I completely agree with H. S. Teoh. That is exactly what I was going to say. The point is that considerations like this have to be thought through carefully and width of types really does matter in the cases brought up. But outside these cases, as I said earlier, stick to uint, size_t and ulong, or uint32_t and uint64_t if exact size is vital, but do also check out the other std.stdint types too as very occasionally they are needed.
Jun 10 2023
prev sibling parent "H. S. Teoh" <hsteoh qfbox.info> writes:
On Fri, Jun 09, 2023 at 11:24:38AM +0000, Murloc via Digitalmars-d-learn wrote:
[...]
 Which raised another question: since objects of types smaller than
 `int` are promoted to `int` to use integer arithmetic on them anyway,
 is there any point in using anything of integer type less than `int`
 other than to limit the range of values that can be assigned to a
 variable at compile time?
Not just at compile time, at runtime they will also be fixed to that width (mapped to a hardware register of that size) and will not be able to contain a larger value. [...]

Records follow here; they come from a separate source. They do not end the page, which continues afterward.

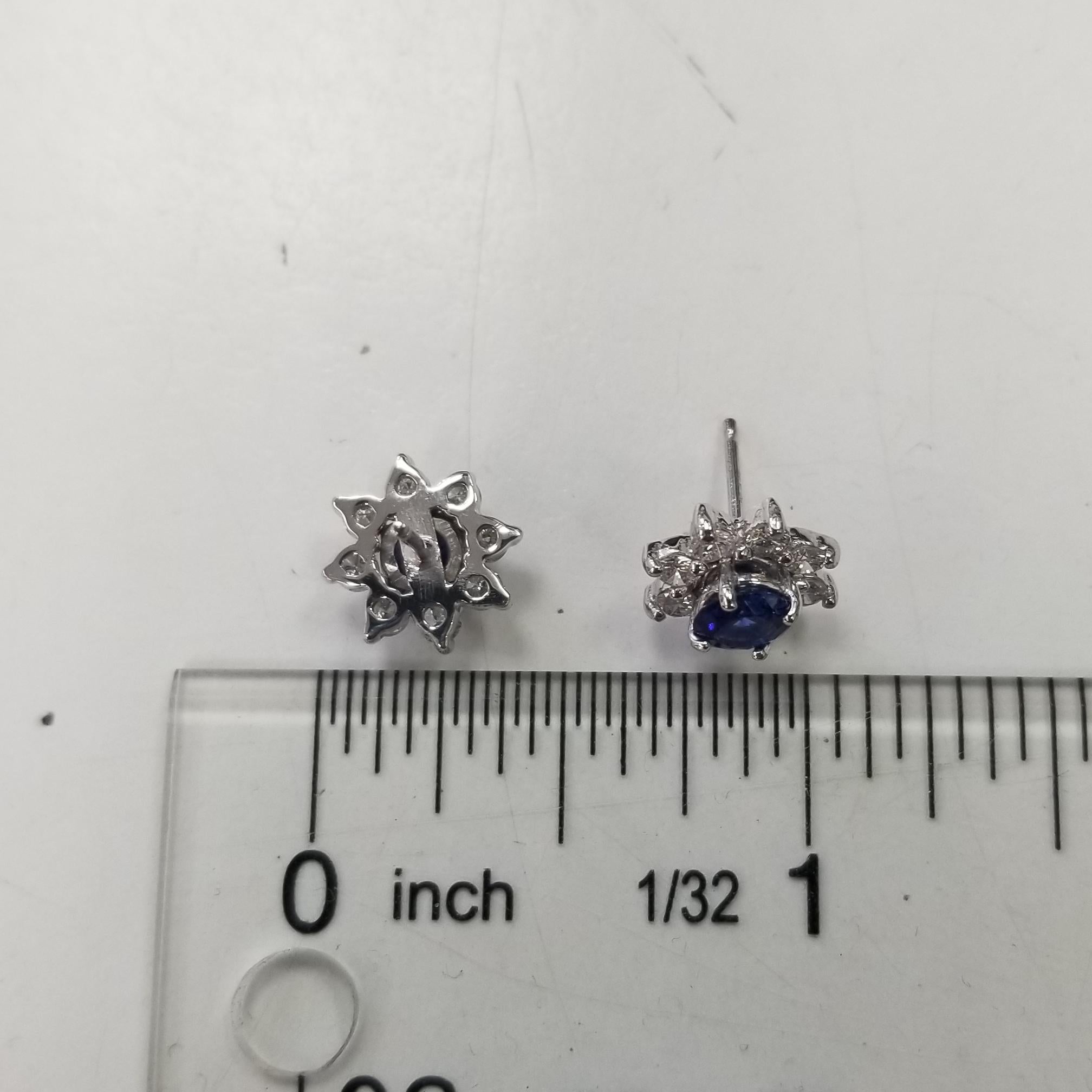 Round Cut 14k White Gold Sapphire and Diamond Cluster Earrings For Sale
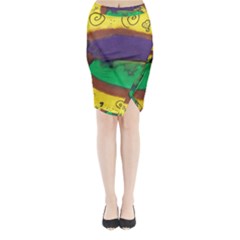 Landscape Egg Midi Wrap Pencil Skirt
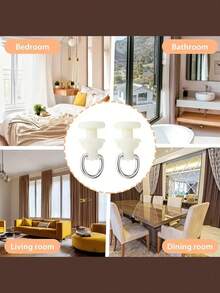 30 Sets Top Mount White Ceiling Curtain Track Roller Accessories Suitable For Living Room, Bedroom, Shower, Bathroom Curtains And Hooks. Curtain Roller Accessories. Room Divider. - White - View 4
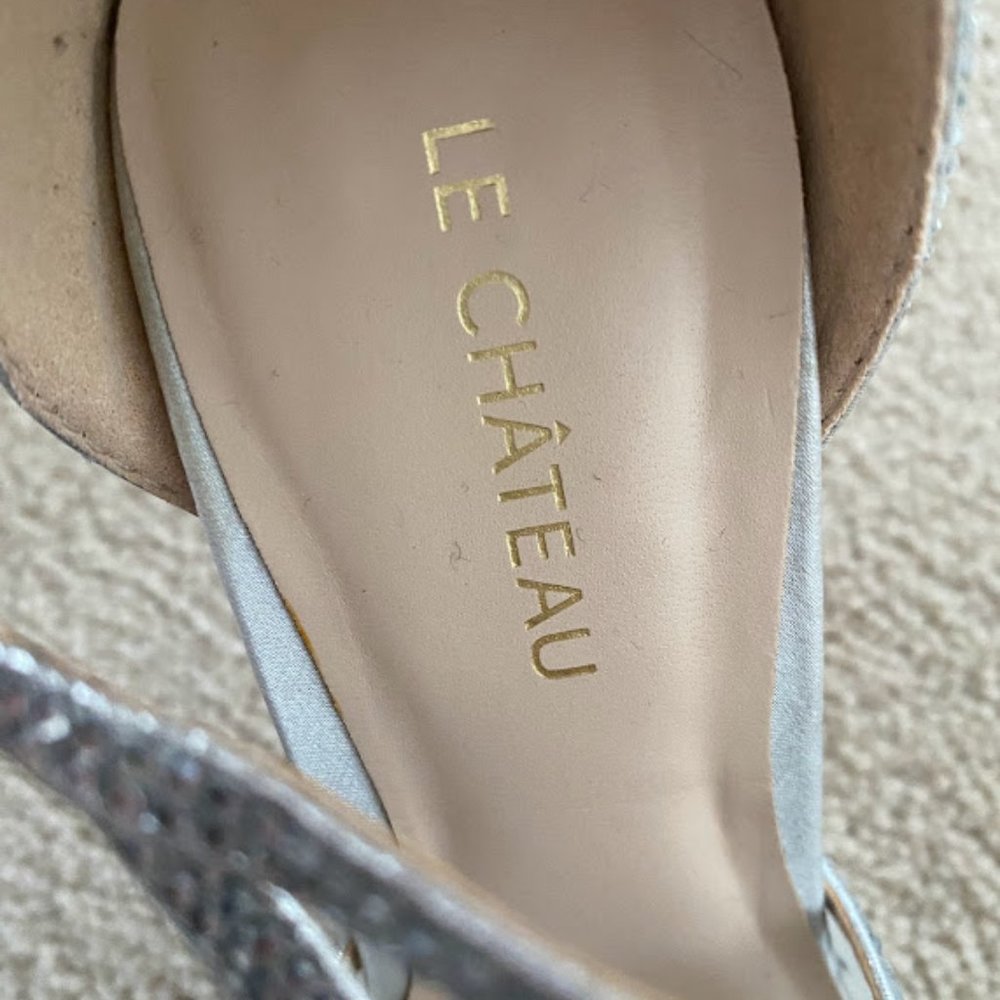 Le Chateau Silver Rhinestone Heels - Picture 6 of 8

 People say that there is no advantage for using `byte`/`short` type
 for integer objects over an int for a single variable, however, as
 they say, this is not true for arrays, where you can save some memory
 space by using `byte`/`short` instead of `int`.
That's correct.
 But isn't any further manipulations with these array objects will
 produce results of type `int` anyway? Don't you have to cast these
 objects over and over again after manipulating them to write them back
 into that array or for some other manipulations with these smaller
 types objects?
Yes you will have to cast them back. Casting often translates to a no-op or just a single instruction in the machine code; you just write part of a 32-bit register back to memory instead of the whole thing, and this automatically truncates the value to the narrow int. The general advice is, perform computations with int or wider, then truncate when writing back to storage for storage efficiency. So generally you wouldn't cast the value to short/byte until the very end when you're about to store the final result back to the array. At that point you'd probably also want to do a range check to catch any potential overflows.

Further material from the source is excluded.